Capt. Rodney J. Baxter House | |
Location: | South and Pearl Sts., Barnstable, Massachusetts |
Coordinates: | 41.65°N -70.285°W |
Architect: | after Orson S. Fowler |
Architecture: | Octagon house |
Added: | March 13, 1987 |
Refnum: | 87000273 |
The Capt. Rodney J. Baxter House is an historic octagonal house at South and Pearl Streets in Barnstable, Massachusetts. Built in 1850, it is Barnstable's only example of an octagon house, built closely to designs advocated by Orson S. Fowler and briefly popular in the 1850s. It was listed on the National Register of Historic Places in 1987.
The Baxter House stands one block off the downtown area of the village of Hyannis, on the south side of South Street at its junction with Pearl Street. The house is located on the west side of its lot, with the smaller carriage house to the east. The house is two stories, with stuccoed concrete walls 18inches thick, and a bracketed flat roof topped by an octagonal cupola. Two of its eight sides have entrances: the one facing the street is a simpler entrance sheltered by a bracketed hood, while that facing east is sheltered by a single-story porch extending across that facade, with a spindled balustrade and turned posts. Most of the other facades have two windows on each level; some have only one. The interior of each level has a central square chamber, around which are four smaller rectangular chambers, with the remaining triangular spaces used as closets. The carriage house, one story in height has a similar exterior finish and a smaller footprint, and is topped by smaller octagonal cupola. A two-leaf vehicle entrance is topped by a half-round fan; both the fan and the doors have strap woodwork decoration.

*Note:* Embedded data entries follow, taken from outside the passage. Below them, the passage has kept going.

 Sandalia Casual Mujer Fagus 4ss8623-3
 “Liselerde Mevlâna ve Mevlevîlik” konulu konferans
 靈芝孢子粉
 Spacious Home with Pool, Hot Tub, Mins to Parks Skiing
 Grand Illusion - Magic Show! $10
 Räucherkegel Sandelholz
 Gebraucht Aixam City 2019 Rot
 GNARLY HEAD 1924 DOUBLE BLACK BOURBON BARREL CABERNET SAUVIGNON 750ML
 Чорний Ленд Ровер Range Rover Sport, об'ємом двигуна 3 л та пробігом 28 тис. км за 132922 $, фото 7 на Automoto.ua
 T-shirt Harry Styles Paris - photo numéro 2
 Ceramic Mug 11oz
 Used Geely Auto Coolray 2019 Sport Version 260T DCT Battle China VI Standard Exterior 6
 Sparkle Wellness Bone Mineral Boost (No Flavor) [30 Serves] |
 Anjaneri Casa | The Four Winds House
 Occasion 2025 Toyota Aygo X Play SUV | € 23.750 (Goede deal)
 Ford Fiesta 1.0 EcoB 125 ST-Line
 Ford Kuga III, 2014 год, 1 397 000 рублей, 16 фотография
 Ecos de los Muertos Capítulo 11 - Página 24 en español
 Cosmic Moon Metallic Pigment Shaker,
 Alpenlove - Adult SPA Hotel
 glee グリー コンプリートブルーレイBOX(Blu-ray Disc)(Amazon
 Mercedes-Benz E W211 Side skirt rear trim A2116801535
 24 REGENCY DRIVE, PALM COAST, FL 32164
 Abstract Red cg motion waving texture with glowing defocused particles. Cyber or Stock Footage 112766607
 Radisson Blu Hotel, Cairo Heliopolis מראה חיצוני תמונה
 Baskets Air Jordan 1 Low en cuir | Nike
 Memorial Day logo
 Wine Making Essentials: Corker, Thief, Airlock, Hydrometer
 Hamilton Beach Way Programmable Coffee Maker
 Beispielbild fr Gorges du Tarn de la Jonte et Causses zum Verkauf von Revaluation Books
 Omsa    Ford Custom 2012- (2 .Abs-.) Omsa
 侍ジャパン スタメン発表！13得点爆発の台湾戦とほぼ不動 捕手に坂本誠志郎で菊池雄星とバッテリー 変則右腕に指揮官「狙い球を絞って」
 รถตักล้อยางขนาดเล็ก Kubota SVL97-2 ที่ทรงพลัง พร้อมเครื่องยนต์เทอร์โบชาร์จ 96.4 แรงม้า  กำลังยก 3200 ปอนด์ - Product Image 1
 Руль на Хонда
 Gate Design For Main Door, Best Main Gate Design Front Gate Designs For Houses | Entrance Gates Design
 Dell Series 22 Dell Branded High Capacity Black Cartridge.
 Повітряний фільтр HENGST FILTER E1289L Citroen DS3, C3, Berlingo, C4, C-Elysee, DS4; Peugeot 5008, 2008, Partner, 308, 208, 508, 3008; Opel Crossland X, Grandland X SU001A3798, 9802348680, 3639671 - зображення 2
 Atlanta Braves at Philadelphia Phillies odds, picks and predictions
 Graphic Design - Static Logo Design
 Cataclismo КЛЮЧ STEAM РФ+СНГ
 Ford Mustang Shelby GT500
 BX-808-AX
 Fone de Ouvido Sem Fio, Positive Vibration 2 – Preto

The house was built about 1850 for Rodney J. Baxter, a sea captain engaged mainly in the transatlantic trade. The house was built according to principles articulated by Orson Squire Fowler in The Octagon House, A Home for All, which formed the basis for the designs of numerous similar houses across the country. The house closely follows Fowler's guidelines, including the use of concrete for the walls. At the time of its listing on the National Register in 1987, it was still owned by Baxter's descendants.[1]